Red Hat Training

A Red Hat training course is available for Red Hat Enterprise Linux

7.219. rsyslog

Updated rsyslog packages that fix three bugs are now available for Red Hat Enterprise Linux 6.
The rsyslog packages provide an enhanced, multi-threaded syslog daemon. Rsyslog supports MySQL, syslog/TCP, RFC 3195, permitted sender lists, filtering on any message part, and fine grain output format control.

Bug Fixes

Prior to this update, the rsyslog packages depended on a newer selinux-policy which the rsyslog spec file did not reflect. The command "yum --security update" updated rsyslog but not the selinux-policy. As a consequence, rsyslog malfunctioned when booting and depending services failed, including login. This update modifies the spec file to prevent installation with an incompatible selinux-policy package and enforce its update if available.
Prior to this update, the rule that was specified immediately before the "$IncludeConfig" directive to be reordered after the contents of the included configuration file due to handling problem with the configuration file parser.
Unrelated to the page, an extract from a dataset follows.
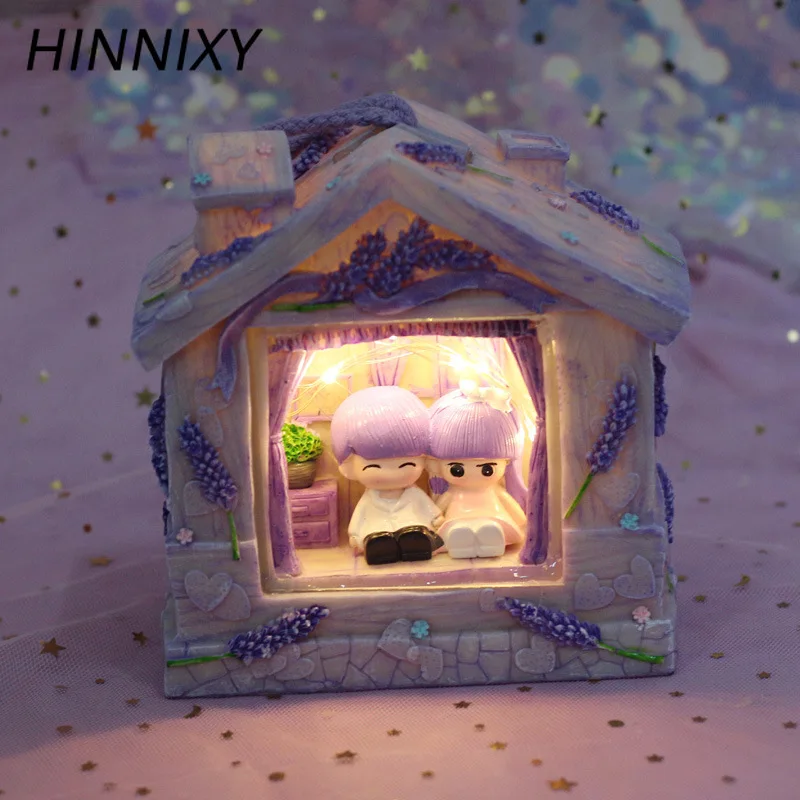 

Hinnixy Lavender Couple Star Night Lights Resin Purple House Crafts Bedroom Decoration Romantic Accessories Lighting Fixtures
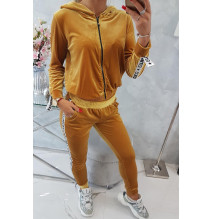 Velúr szett kapucnival MI9104 okker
As a consequence, the order of processing was different from the intended one with the potential of message losses. This update modifies the underlying code so that the order of processing is the same as in the configuration file.
Prior to this update, the Unix Socket Input plug-in for rsyslog did not consider the timestamp format specified by the RFC 5424 Syslog Protocol for timestamps derived from RFC 3339. As a consequence, messages sent to the syslog daemon via Unix sockets that used the RFC 3339-derived timestamp format were silently discarded. This update supports this timestamp format. Messages sent to the rsyslog system logging daemon via Unix sockets that use the RFC 3339-derived timestamp format are now accepted and processed properly.
All rsyslog users are advised to upgrade to these updated packages, which fix these bugs.